Core vocabularies on the FI-Platform are based on the following RDF-based formal knowledge representation languages:

RDFS (RDF Schema) is a basic ontology language providing basic elements for the description of ontologies. It introduces concepts such as classes and properties, enabling rudimentary hierarchical classifications and relationships.

OWL (Web Ontology Language) offers substantially more advanced features compared to RDFS, and is capable of representing rich and complex knowledge about things, groups of things, and relations between things. OWL is highly expressive and designed for applications that need to process the content of information instead of just presenting information. The OWL profile currently used on the FI-Platform is OWL 2 EL. Other profiles (dialects) such as RL, QL or DL might be supported in the future.

This document is not intended to serve as a tutorial to OWL modelling nor as an explanatory documentation on the various profiles. For a more comprehensive understanding of OWL (as well as for learning more about Linked Data and Semantic Web) we recommend the following resources:

OpenHPI courses, for example Semantic Web Technologies (https://www.youtube.com/watch?v=Q5DrZV5wWzo&list=PLoOmvuyo5UAeihlKcWpzVzB51rr014TwD), highly recommended
Uschold, M. (2018). Demystifying OWL for the Enterprise (https://www.morganclaypool.com/doi/10.2200/S00824ED1V01Y201801WBE017)
Allemang, D., & Hendler, J. A. (2011). Semantic Web for the working ontologist: Effective modelling in RDFS and OWL (2nd ed). Morgan Kaufmann/Elsevier. (https://dl.acm.org/doi/book/10.1145/3382097)
Colomb, R. M. (2007). Ontology and the Semantic Web. IOS Press. (https://www.iospress.com/catalog/books/ontology-and-the-semantic-web)
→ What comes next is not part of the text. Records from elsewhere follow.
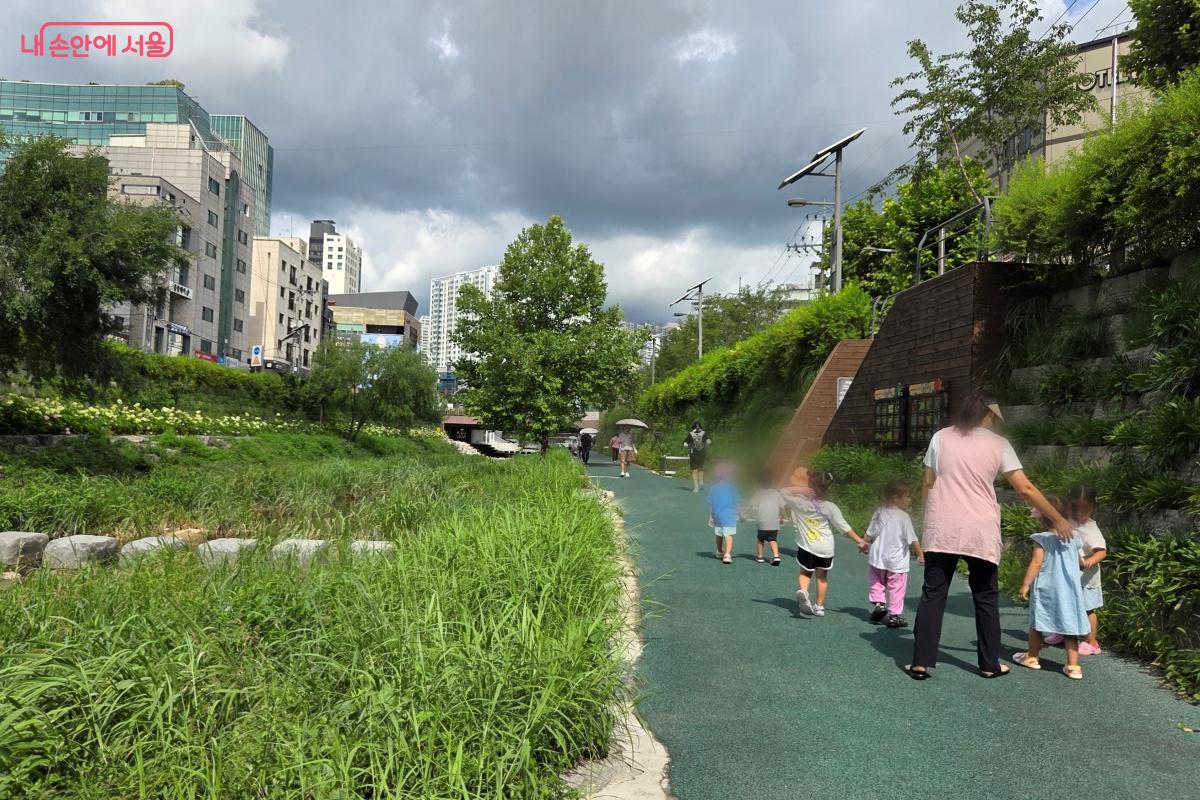 자연이 살아 숨 쉬는 천변을 따라 누구나 산책하기에 좋은 환경이다. ©김미선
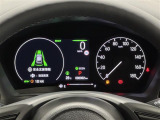 【メーターまわり】ドライバーから見やすい位置にあって安全運転に寄与します。マルチインフォメーションディスプレイでは、クルマに関する情報の確認はもちろん、各種安全機能・装備のON/OFFも設定可能。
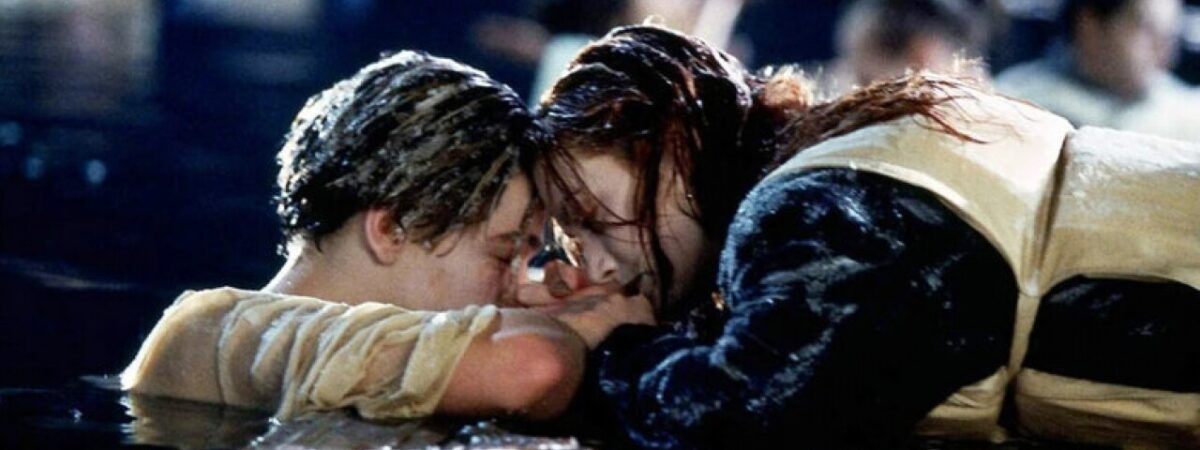 Scène du film Titanic, avec la célèbre porte en bois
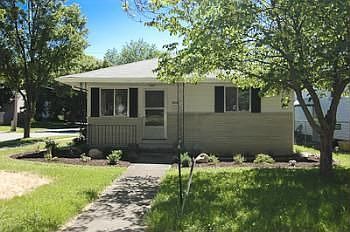 1st image of 4501 S Wayne Ave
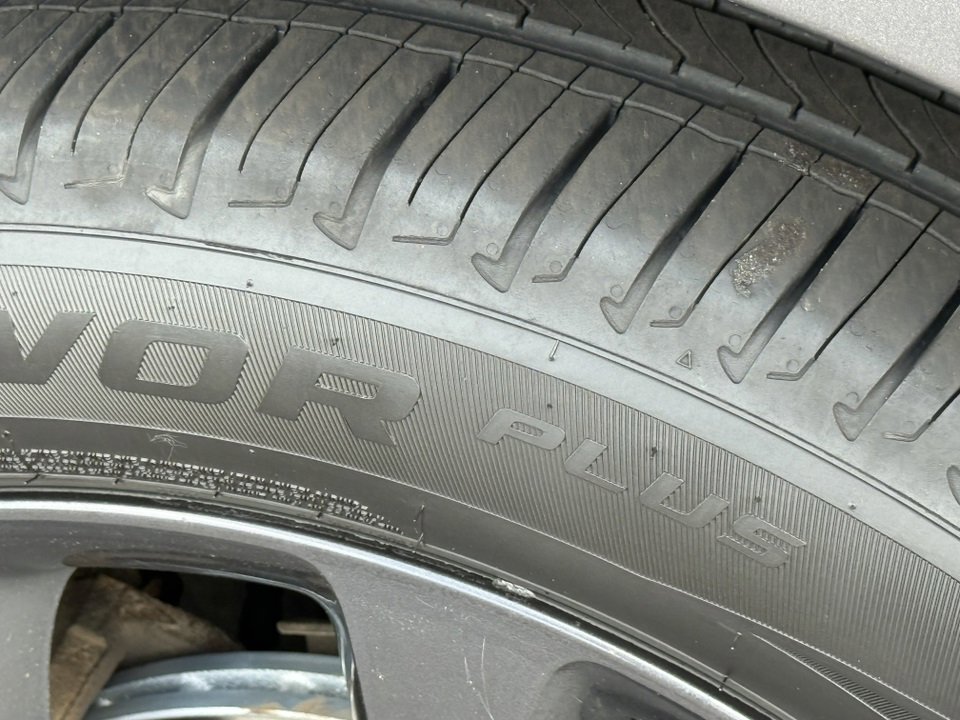 Used 2020 Chrysler Pacifica Touring-L Plus image 13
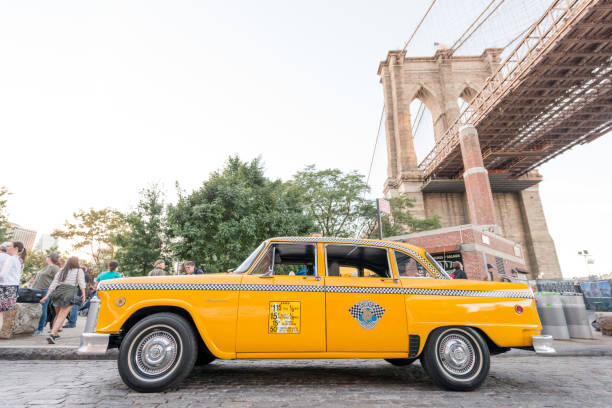 vintage kratka żółty taxi cab zaparkowany pod brooklyn bridge nyc usa - brooklyn bridge taxi new york city brooklyn zdjęcia i obrazy z banku zdjęć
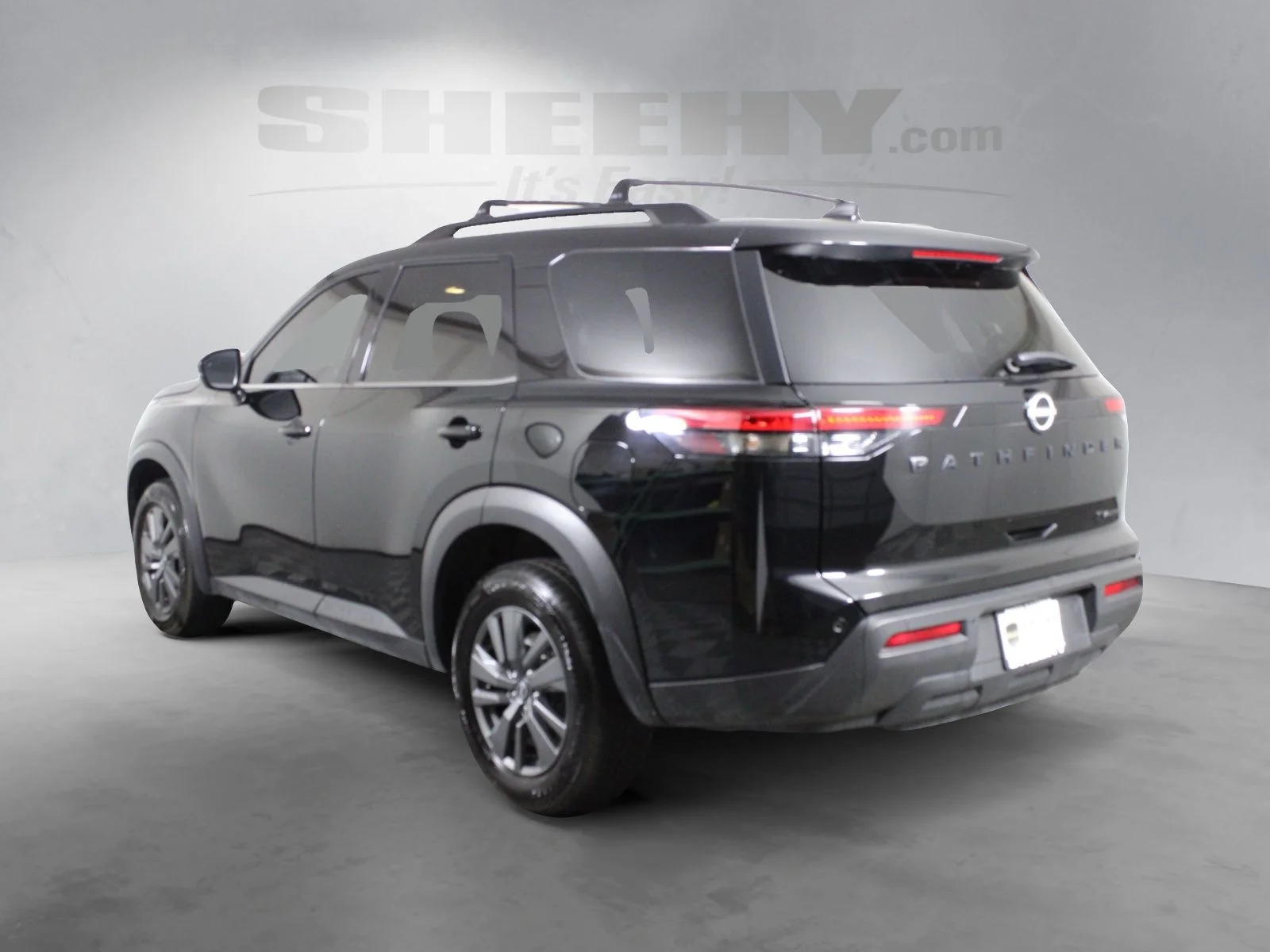 Used 2022 Black Nissan SV image 9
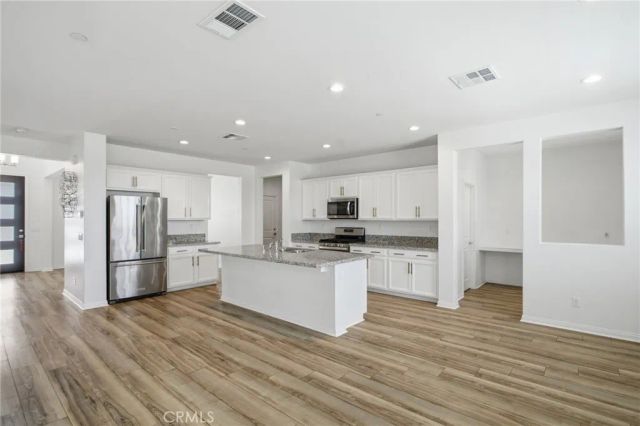 35643 Domaine, Winchester, CA 92596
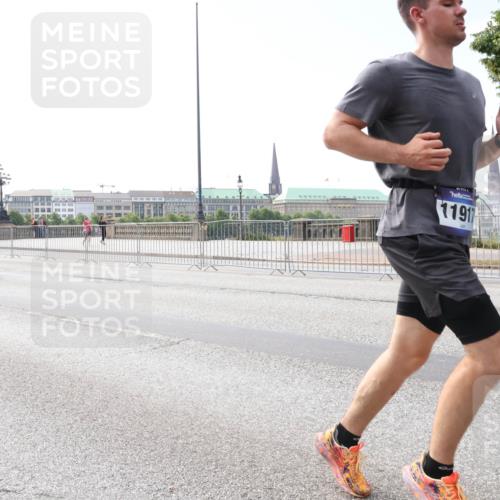 29.06.2025 - hella hamburg halbmarathon Lena Gebhardt http://msf.ph/oto/8294347 29.06.2025 10:11:55 Lombardsbrücke 1062, 1328, 1531, 1790, 1866, 1992, 3363, 4227, 5379, 5605, 7571, 8115, 8807, 8810, 9191, 9428, 9705, 10042, 10409, 10428, 11321, 11507, 11525, 11537, 11581, 11917, 12473, 13171, 13177, 13203, 13542, 13939, 13958, 14008, 14060, 14196, 14384, 15137, 15945, 16976, 17080, 17638, 17774, 17866, 18261, 18278, 18395, 18429, 18655 meine-sportfotos.de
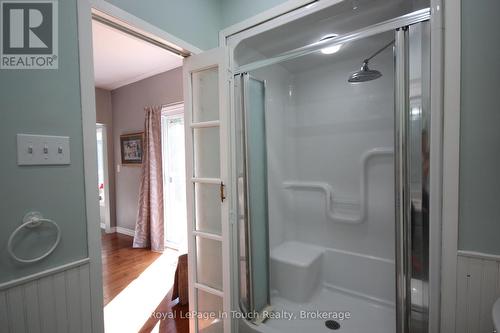 18 Shady Glen Lane, Mono, ON - Indoor Photo Showing Bathroom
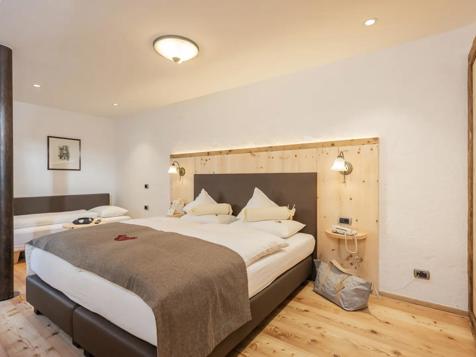 Doppelzimmer Nord mit Balkon image 1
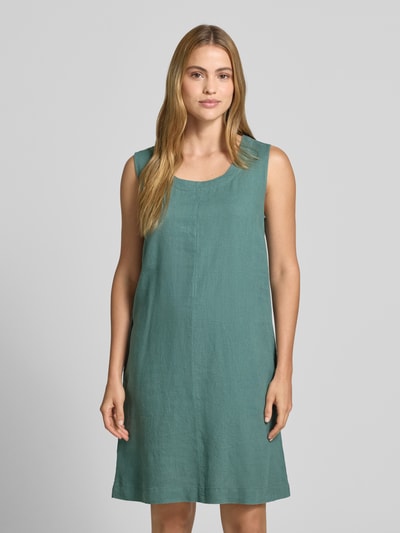 Vrouwenmodel draagt knielang jurkje van linnenmix en viscosemix, straight fit, model 'LAVA' van FREE/QUENT, daydress, vooraanzicht,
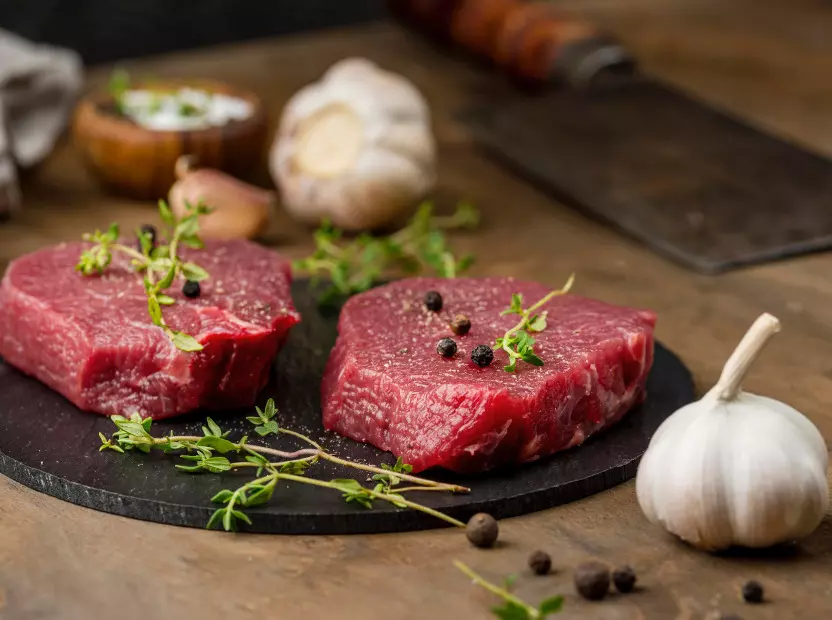 Пугает вред красного мяса? Диетолог рассказала, когда всё-таки можно есть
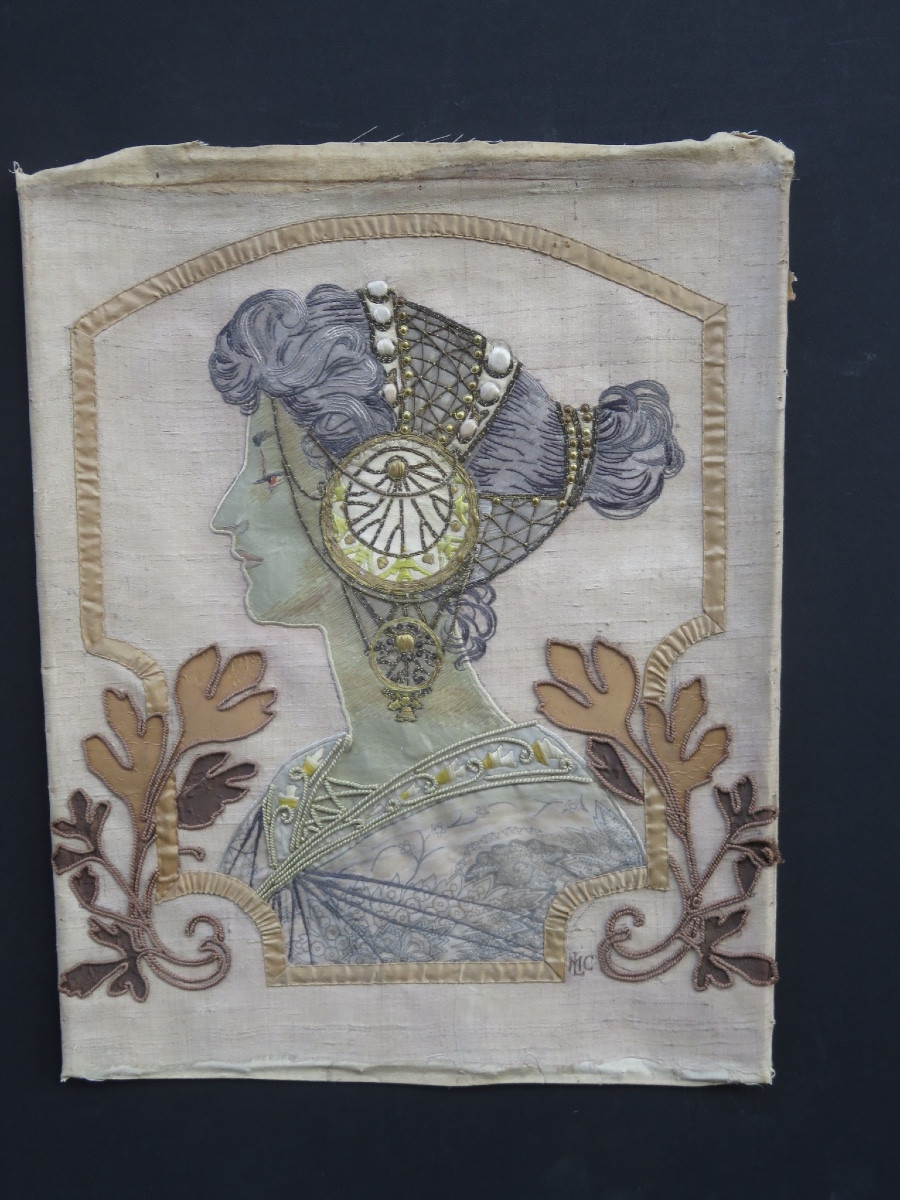 Broderie  et passementerie sur soie sauvage d'un profil féminin d'époque Art Nouveau-photo-2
Application Profiles (Schemas)

Application profiles on the other hand are specifications that enforce restrictions on data annotated with core vocabularies. You will need application profiles in the following use cases (not an exhaustive list):

when you need to specify a message schema for exchanging information

when you need to validate data

when you need to produce an API specification

Application profiles on the FI-Platform are based on the following RDF-based language:

SHACL (Shapes Constraint Language) is used to validate RDF data against specific defined "shapes" (conditions). The language is very expressive and difficult to generally map to simpler or more restricted schema languages such as JSON Schema and XML Schema. Limited subset of SHACL can be mapped though.

Modelling Core Vocabularies

Attributes

Attributes are in principle very similar to attribute declarations in other data modelling languages. The key differences from other major languages are:

As mentioned earlier, attributes are first-class citizens as they have identities. An attribute is defined once and can then be reused in multiple class definitions. A class does not "own" attributes used by it and they do not exist only within the namespace of the class nor is their life-cycle tied to the class.

Attributes can be used without being used "inside" a class (unlike in e.g. UML). For an attribute definition, one can specify the class (rdfs:domain) and/or data type (rdfs:range). The meaning of the data type is self-explanatory, but the class should not be confused as the attribute belonging to the chosen class. These definitions are related to inferencing only and will have no enforced effect if it is not used. Let us consider an attribute B which has class X set as the domain value and integer set as the range value. When a triple <A, B, C> is found, the A is inferred as being of type X and C being an integer literal. The domain and range values do not act directly as any kind of constraints. Without using inferencing their role is in guiding the correct use of the attribute resource.

Attributes can be declared as functional, meaning in essence that only one value is allowed for a resource using an attribute. As an example, a resource describing an individual might use the attribute age multiple times with different values (i.e. data might contain two triples: <somePerson, age, "50"^^xsd:integer> and <somePerson, age, "40"^^xsd:integer>). If age is declared as being functional, enabling inferencing will result in a contradiction, thus making the data invalid. Importantly, the functional declaration acts as a constraint on how the attribute can be utilised across the entire model.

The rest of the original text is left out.